Doch nach der öffentlichen Festlegung des demokratischen Fraktionsführers wird damit
gerechnet, dass bei der heutigen Abstimmung im Rechtsausschuss neben Edward Kennedy - der
sich schon sehr früh öffentlich gegen Roberts festgelegt hatte - mindestens weitere
fünf der acht demokratischen Senatoren gegen Roberts stimmen und dass Bushs
Richterkandidat bei der Entscheidung im Senatsplenum mindestens 30 Gegenstimmen aus dem
demokratischen Lager erhält. Plötzlich gilt nicht einmal als sicher, dass Roberts die
Zweidrittelmehrheit von 66 Stimmen erreicht.
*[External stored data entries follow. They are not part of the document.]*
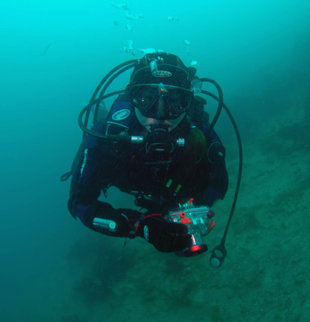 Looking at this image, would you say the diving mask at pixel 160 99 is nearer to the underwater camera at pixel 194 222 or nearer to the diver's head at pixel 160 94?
the diver's head at pixel 160 94

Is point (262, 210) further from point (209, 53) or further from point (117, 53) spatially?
point (117, 53)

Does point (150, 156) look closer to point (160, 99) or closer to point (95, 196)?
point (160, 99)

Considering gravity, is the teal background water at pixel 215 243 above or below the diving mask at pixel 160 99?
below

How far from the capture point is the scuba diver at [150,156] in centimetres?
255

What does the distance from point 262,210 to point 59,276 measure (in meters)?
11.4

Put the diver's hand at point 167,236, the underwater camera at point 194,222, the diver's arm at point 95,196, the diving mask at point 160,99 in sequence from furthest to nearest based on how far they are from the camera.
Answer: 1. the diving mask at point 160,99
2. the diver's arm at point 95,196
3. the underwater camera at point 194,222
4. the diver's hand at point 167,236

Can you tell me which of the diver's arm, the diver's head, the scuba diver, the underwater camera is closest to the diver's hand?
the underwater camera

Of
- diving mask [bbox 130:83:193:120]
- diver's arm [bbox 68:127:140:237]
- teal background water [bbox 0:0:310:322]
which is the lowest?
teal background water [bbox 0:0:310:322]

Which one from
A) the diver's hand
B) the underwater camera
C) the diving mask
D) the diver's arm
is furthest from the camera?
the diving mask

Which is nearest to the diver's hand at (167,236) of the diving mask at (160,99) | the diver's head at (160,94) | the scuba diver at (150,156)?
the scuba diver at (150,156)

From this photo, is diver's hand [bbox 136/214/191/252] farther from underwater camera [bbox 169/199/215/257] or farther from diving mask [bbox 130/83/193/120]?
diving mask [bbox 130/83/193/120]

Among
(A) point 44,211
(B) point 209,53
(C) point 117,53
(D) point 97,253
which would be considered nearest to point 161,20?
(C) point 117,53

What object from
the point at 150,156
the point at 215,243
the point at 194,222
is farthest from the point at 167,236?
the point at 215,243

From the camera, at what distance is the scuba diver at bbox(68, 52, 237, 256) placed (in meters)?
2.55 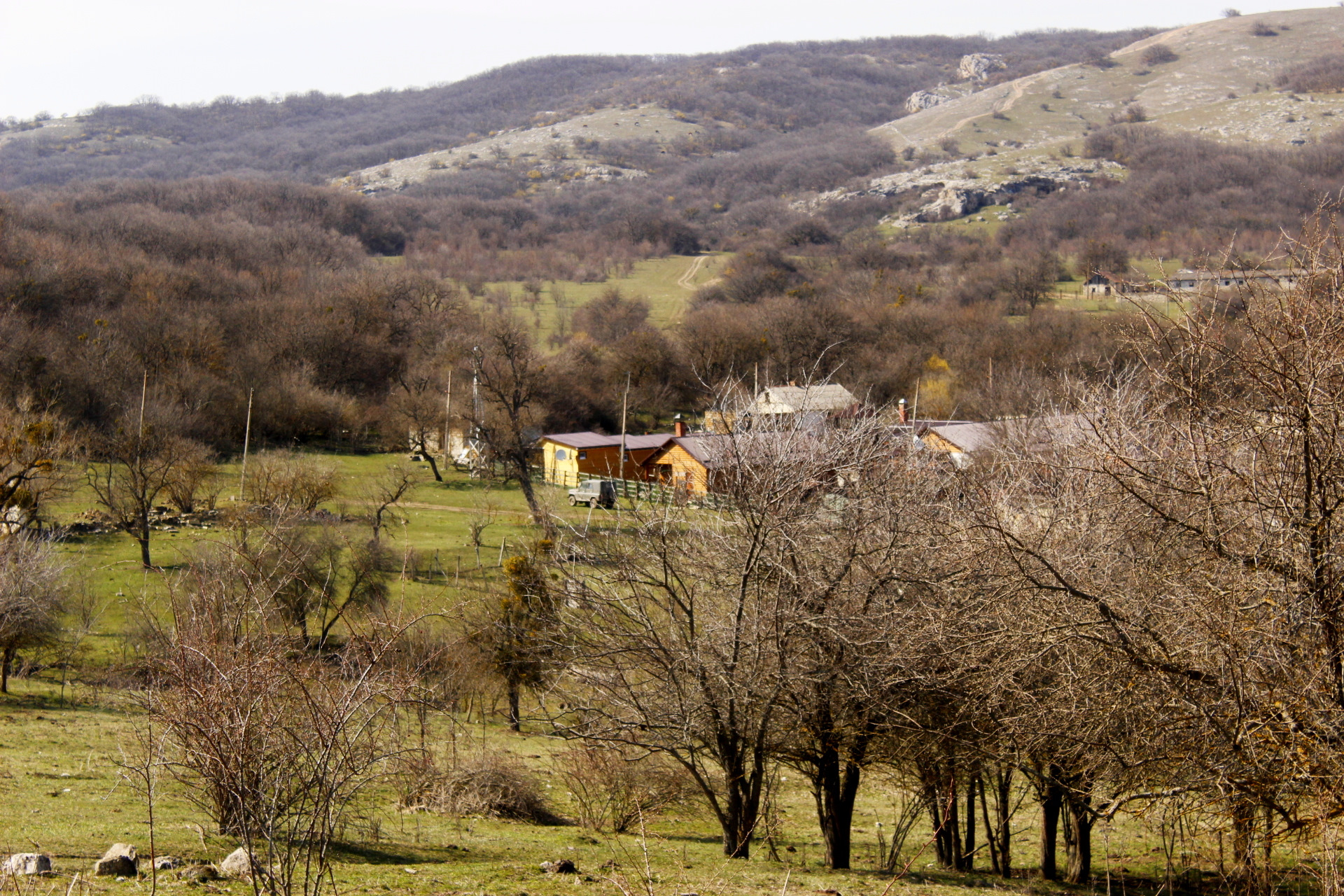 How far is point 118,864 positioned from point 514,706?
15.1 metres

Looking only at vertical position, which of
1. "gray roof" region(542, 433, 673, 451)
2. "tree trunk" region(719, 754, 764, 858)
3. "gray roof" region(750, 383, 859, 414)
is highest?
"gray roof" region(542, 433, 673, 451)

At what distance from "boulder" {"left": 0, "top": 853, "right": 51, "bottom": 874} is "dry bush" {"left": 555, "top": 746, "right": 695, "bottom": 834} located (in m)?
6.89

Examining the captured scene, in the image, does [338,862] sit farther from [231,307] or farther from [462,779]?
[231,307]

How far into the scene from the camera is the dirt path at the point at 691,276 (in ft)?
351

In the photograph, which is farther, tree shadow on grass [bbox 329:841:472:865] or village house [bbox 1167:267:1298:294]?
tree shadow on grass [bbox 329:841:472:865]

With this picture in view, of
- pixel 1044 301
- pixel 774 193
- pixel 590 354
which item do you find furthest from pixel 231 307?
pixel 774 193

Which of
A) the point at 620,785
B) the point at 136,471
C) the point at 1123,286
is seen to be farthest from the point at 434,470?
the point at 1123,286

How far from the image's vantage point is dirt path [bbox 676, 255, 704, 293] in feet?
351

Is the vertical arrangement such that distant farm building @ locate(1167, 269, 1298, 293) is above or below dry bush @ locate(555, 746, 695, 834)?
above

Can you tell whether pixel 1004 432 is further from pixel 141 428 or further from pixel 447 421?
pixel 141 428

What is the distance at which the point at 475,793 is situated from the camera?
50.8 ft

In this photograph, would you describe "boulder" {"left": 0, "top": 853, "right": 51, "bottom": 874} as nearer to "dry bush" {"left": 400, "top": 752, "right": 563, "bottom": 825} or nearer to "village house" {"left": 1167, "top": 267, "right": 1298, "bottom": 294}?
"dry bush" {"left": 400, "top": 752, "right": 563, "bottom": 825}

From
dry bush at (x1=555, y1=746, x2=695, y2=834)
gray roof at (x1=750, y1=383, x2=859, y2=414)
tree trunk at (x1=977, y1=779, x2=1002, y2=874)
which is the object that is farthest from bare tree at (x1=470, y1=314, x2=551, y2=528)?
tree trunk at (x1=977, y1=779, x2=1002, y2=874)

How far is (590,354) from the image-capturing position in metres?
73.0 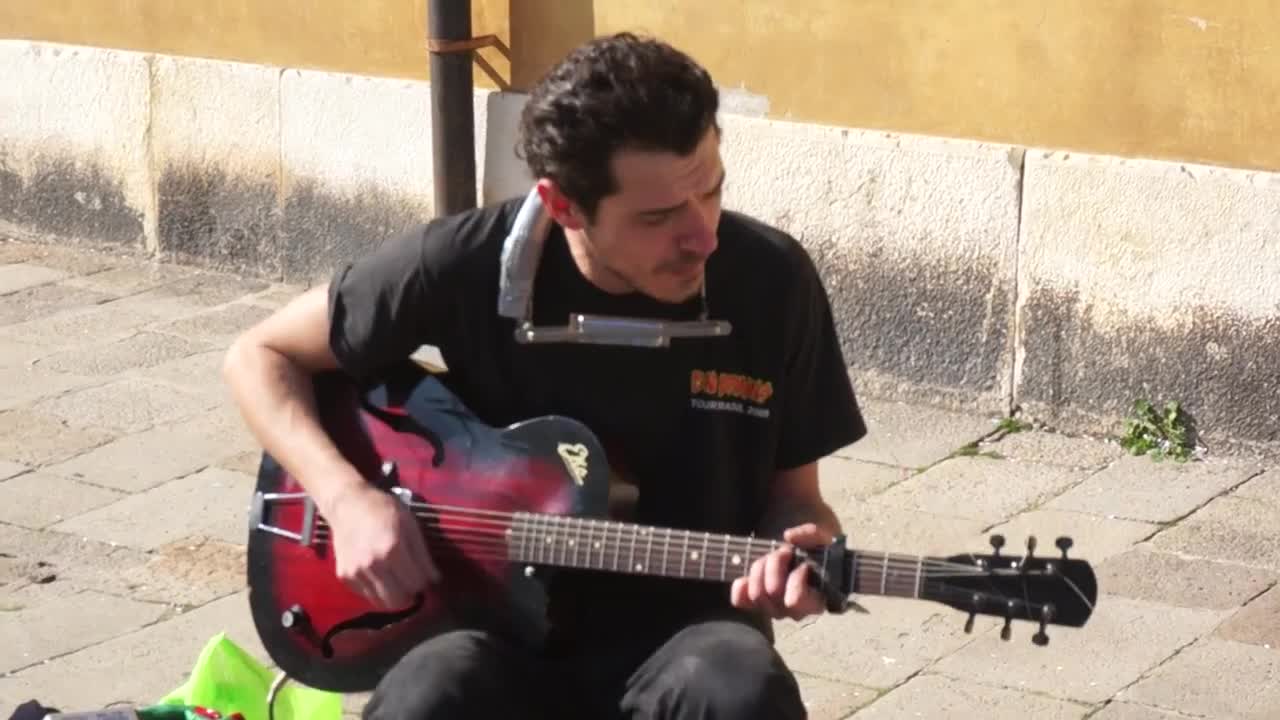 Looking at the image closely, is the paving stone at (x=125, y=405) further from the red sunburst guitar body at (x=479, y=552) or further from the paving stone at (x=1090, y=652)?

Senator Reid erklärte sein Nein zu Roberts unmittelbar nachdem ihm die VertreterInnen von
40 Frauen- und Bürgerrechtsorganisationen ihre massiven Bedenken gegen den Kandidaten
für das höchste Richteramt dargelegt hatten. Roberts Positionen zu den Themen Abtreibung
und Homosexualität, Gleichberechtigung zwischen Frauen und Männern, Einwanderung und der
gezielten Förderung von Minderheiten ("Affirmative Action") hatten sie zur
Begründung angeführt. Zu all diesen Themen führt die republikanische Rechte in den USA
intensive Kampagnen mit dem Ziel, die liberale Rechtsprechung und Gesetzgebung der letzten
30 Jahre zu korrigieren. Und zu fast all diesen Themen hatte Roberts in seiner Karriere,
zunächst als Anwalt für die republikanischen Regierungen der Präsidenten Reagan und
Bush senior und zuletzt als Richter in Washington, D.C, ähnliche Positionen vertreten wie
die republikanische Rechte.
Doch bei den fast dreitägigen Anhörungen vor dem Rechtsausschuss des Senats vermied der
Kandidat Roberts fast zu allen wichtigen Fragen klare Positionen - nicht nur zur
Frustration der demokratischen Senatoren, sondern auch des republikanischen
Ausschussvorsitzenden Arlen Specter. Zu den Rechtsgutachten, die er als Anwalt in den
Administrationen Reagan und Bush senior verfasst hatte, erklärte Roberts, dies seien
"Auftragsarbeiten" gewesen, die nicht notwendigerweise seine persönliche
Meinung wiedergeben würden. Auf zahlreiche Fragen, ob er als Vorsitzender des Supreme
Court das 33 Jahre alte Urteil des Gerichts zur Rechtmäßigkeit der Abtreibung
korrigieren würde, reagierte Roberts zwar mit ausführlichen juristischen Überlegungen,
vermied aber eine klare Auskunft.
Zu vielen anderen Themen verweigerte er jegliche Antwort mit der Begründung, zu Fragen,
die dem Supreme Court unter seinem künftigen Vorsitz möglicherweise zur Entscheidung
vorgelegt würden, wolle er sich nicht äußern. Zudem verweigerte das Weiße Haus dem
Rechtsausschuss die Herausgabe einer Reihe von Gutachten, die Roberts in den 80er-Jahren
für die Reagan-Administration verfasst hatte. Nach Ende der Anhörungen äußerte
zahlreiche Ausschussmitglieder, sie wüssten immer noch nicht, was der Kandidat Roberts zu
vielen entscheidenden Fragen tatsächlich denke.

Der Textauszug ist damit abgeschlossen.